Monday, May 6, 2013
Games for Adults and Children
Leda, brilliant granddaughter, knows many things but thus far in her six+ years on earth she has learned nothing about horse racing. Given that she didn’t spawn from racing families, that she doesn’t live in Kentucky, and that she not (yet) developed a taste for bourbon, this is not surprising. But CSB, who likewise does not live in Kentucky, has always loved watching the Kentucky Derby, because his father did, and that is enough to constitute a tradition. And now with Leda inquiring assiduously into the silken attire of the jockeys, and the role of a muddy racetrack, and the amount of money involved, that tradition is launched for another generation. I had threatened CSB that Leda and I would gather round the TV screen wearing large floppy hats adorned with wildflowers. But we failed in that key element of the tradition, due to barely turning on the television by post time. (6:30 is early to be coming inside to watch TV, when it is still light outside and there are still seeds to be sown and weeds to be pulled and chickens to be fed.) But we did manage to gather. The horses paraded with their jockeys. Or the jockeys paraded with their horses. There was exactly one female jockey and exactly one African-American jockey. The gun went off. The horses shot out of the gate and stuck together, all except for Orb, in 16th place. We anticipated Normandy Invasion (why not Fallujah Offensive?) would win the war. Then Orb leapt ahead, and in 2:02.89 minutes, the race was over. Leda wanted to know what a horse would do with $2 million.
I know that Angry Birds is entertaining and satisfying in certain atavistic ways, but still, there is nothing like Hangman for enlarging one’s vocabulary while getting re-acquainted with the alphabet. So, as Leda and I took Metro-North into Grand Central yesterday – where we would rendezvous with her Dad for the handover – I taught her to play Hangman. She was a natural. For her first turn as the Hanged, she guessed letters in alphabetical order, which is not a good idea.(And it would never happen again.) She would have lost but we negotiated several extra body parts & accessories for the hanging body: barrettes, striped socks, ears, knee caps. She took a turn and stumped me with POOP. I should have guessed – known, remembered - where a six-year-old’s mind would turn, but I regret to say I was genuinely stumped. I too would have lost the game & given up the ghost, had she not given my hanging body a crown, and then a sword, and then a handbag. Then she insisted that since I very nearly lost, she would take a second turn making up the word. Nearly losing would trump taking alternate turns, she explained. I methodically guessed the vowels first. By U I was already mostly dead. Then I guessed consonants while wracking my mind for words I knew she could spell. That was foolish. Because she can spell more words than I can name, and because once again I failed at the obvious. The word was BUTT. By then we were pulling into the station, which was a good thing.
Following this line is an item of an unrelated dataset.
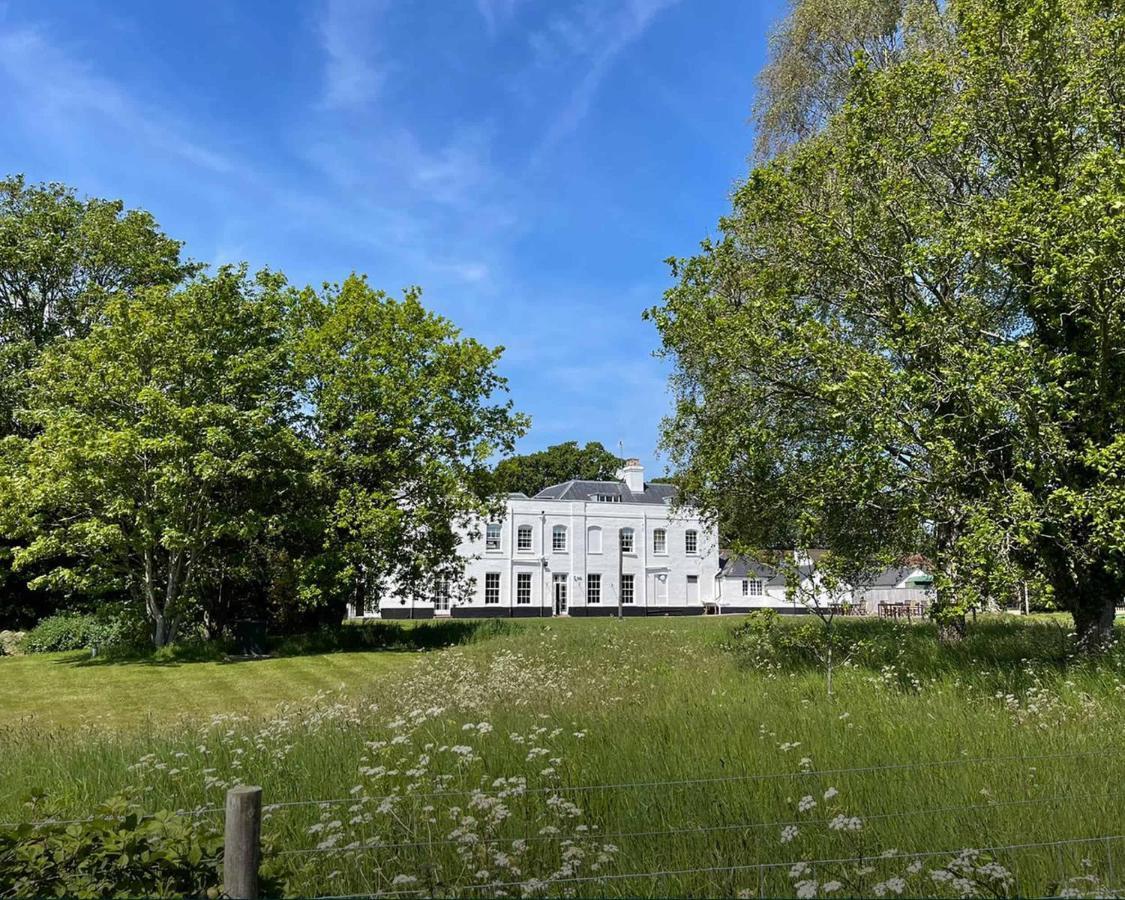 The Retreat New Forest, Hinton Christchurch  Ngoại thất bức ảnh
Later that day, the downstairs bathtub was returned to us, to the human bathers of the house. Because yes, CSB finished constructing their outdoor home: a separate fenced-in play area and a large wooden box that looks unnervingly like a cheap coffin. We carried them outside one by one, their wings a-flutter, their hearts a-beating. This morning they are still out there, in a scrum at the open door of their casket, deciding whether to make the giant leap onto grass.